On one level, publishers are doing what everyone else in the news media has done for the past two years. Trump’s ability to sow constant chaos and shift attention toward himself is unparalleled. With so much attention being focused on the Trump administration, publishers have little choice but to follow his lead. But the shift toward Trump—and, in many cases, away from other subjects—is also the result of a number of factors.

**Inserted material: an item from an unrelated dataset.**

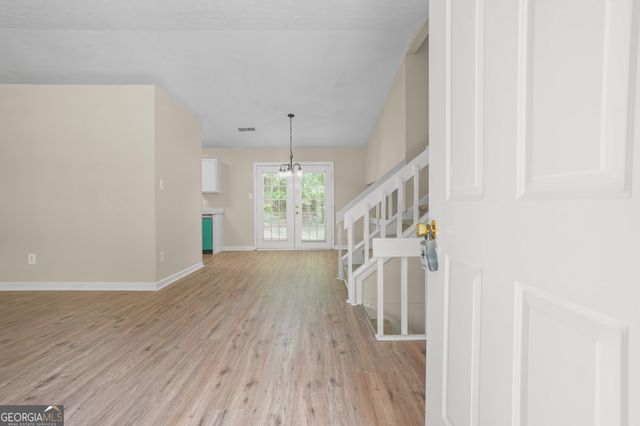 4975 Galbraith Circle, Stone Mountain, GA 30088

Trump books are indeed published because that’s what people are buying, but there are other factors at play. There has been growing pressure on publishers to churn out bestsellers since Barnes & Noble’s emergence as an independent bookstore slayer in the 1980s. While Amazon likes to sell itself as a flat marketplace—the everything store, where you can buy any book (and anything) you could possibly want—it has also been putting significant pressure on publishers to focus on mega bestsellers in recent years. The corporate “Big 5” publishers that dominate the industry, moreover, need those bestsellers because, as publishing industry veteran Mike Shatzkin told me in 2015, they “have big overheads: they have warehouses, they have large staffs. They need volume to move through the system.”

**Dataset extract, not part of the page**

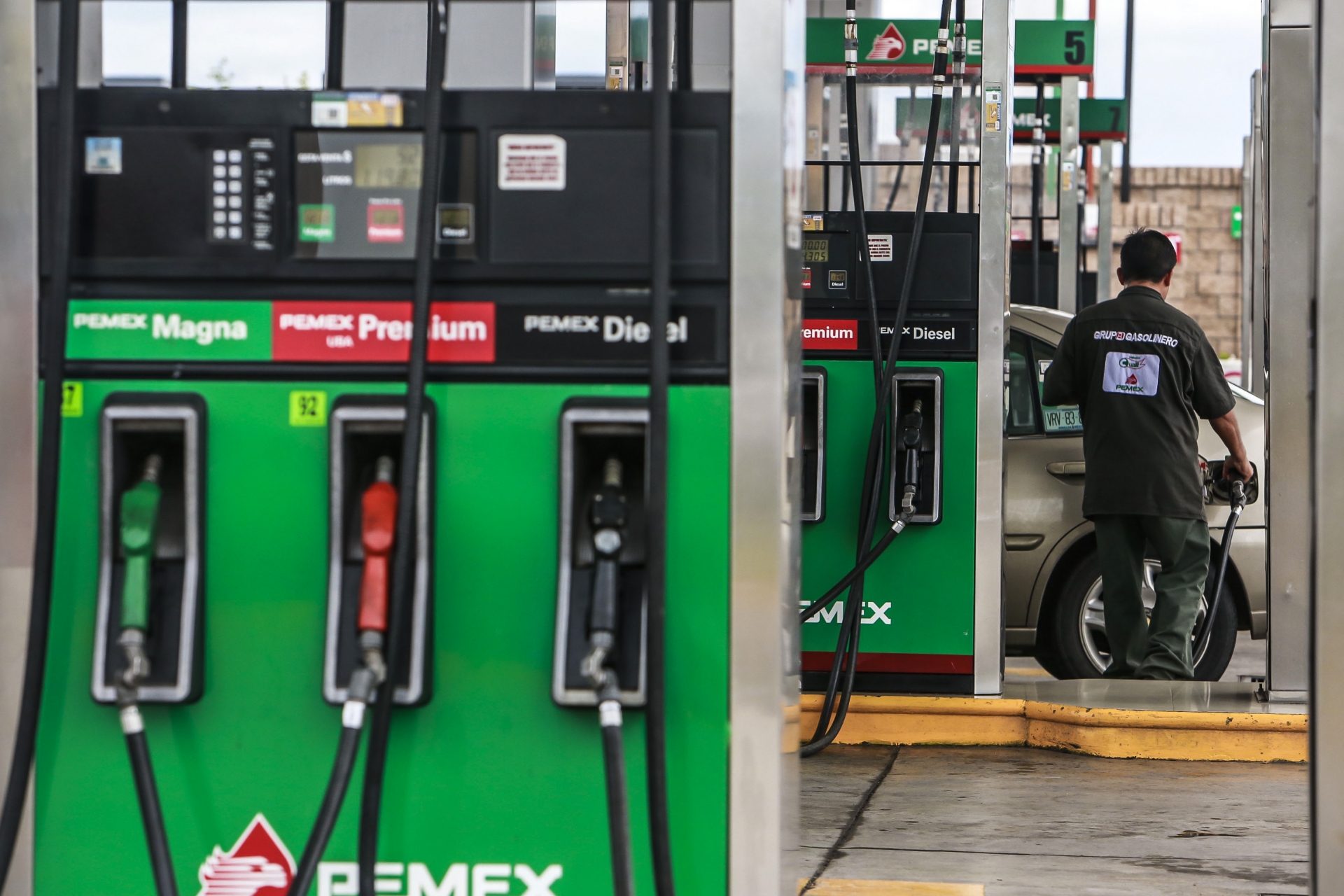 Bajan estímulos, sigue aumentando la gasolina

At the same time, it’s never been harder for books to become bestsellers. Over the last few years, publishers have deservedly griped over how hard it has become for books, particularly by unknown or relatively unknown authors to gain exposure. In the post–Daily Show, post–Oprah Winfrey recommending a book nearly every month environment, there is no one television show that can guarantee a huge bump in sales. Reviews in newspapers and magazines have been declining for years. Despite an independent bookstore resurgence, there has still been a decline in physical bookstores, minimizing people’s opportunity to discover books by browsing. The safest way forward is to publish known quantities by authors with an existing fanbase.
Fiction, in particular, has suffered in this environment, with sales down nearly 20 percent since 2013. Without Oprah (and, to a lesser extent, Jon Stewart), and with publishers increasingly unlikely to make the expensive multi-book investments often needed to turn young authors into household names, the big houses are looking more and more to books that can easily generate media interest. No one, of course, generates more media interest than Trump.

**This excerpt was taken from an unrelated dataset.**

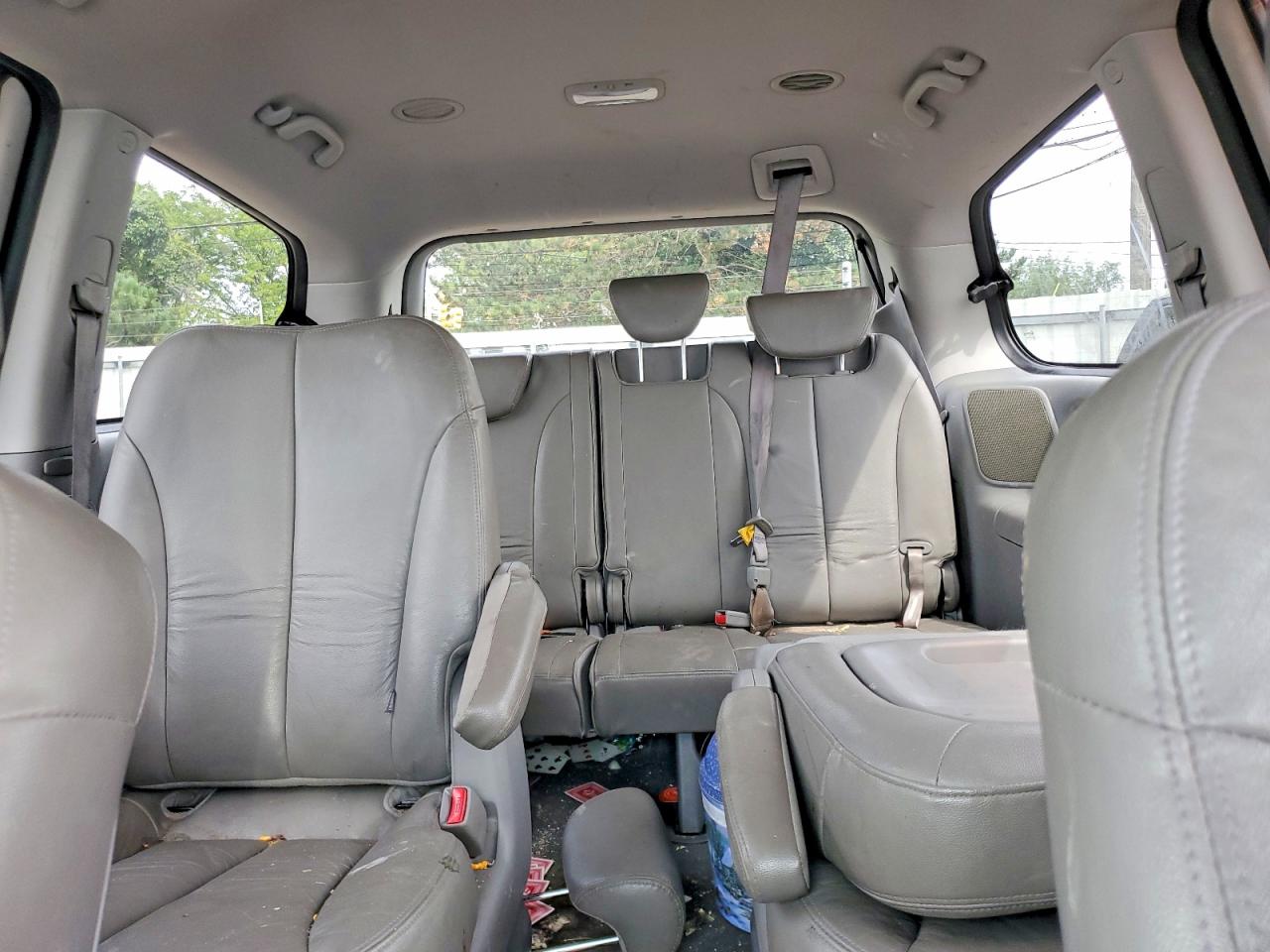 KNDMH4C37A6340414 · 2010 KIA SEDONA · 10/13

The result, however, is an industry addicted to the quick Trump fix—and an industry that is rapidly moving away from one of its seminal strengths. The point of nonfiction books is to offer something that you can’t get on television—or the internet. The long lead times and production work that go into book publishing are meant to allow for added value and perspective. What we’re getting now, however, more often than not, are books that are essentially pricier, glossier versions of stuff we already get day in and day out, in an endless stream, on cable news and on social media. The publication of the Mueller report is, to some extent, the apex of this trend: an officially free report, repackaged and sold for $15. This is not much different than the majority of the Trump content being sold for twice that amount.
This is not to say that Trump hasn’t been a welcome all-you-can-eat sundae bar for cash-strapped publishers in a time when they need a sugar daddy. It’s just a pity that the money they’ll bring in will only pay for more books about Donald Trump.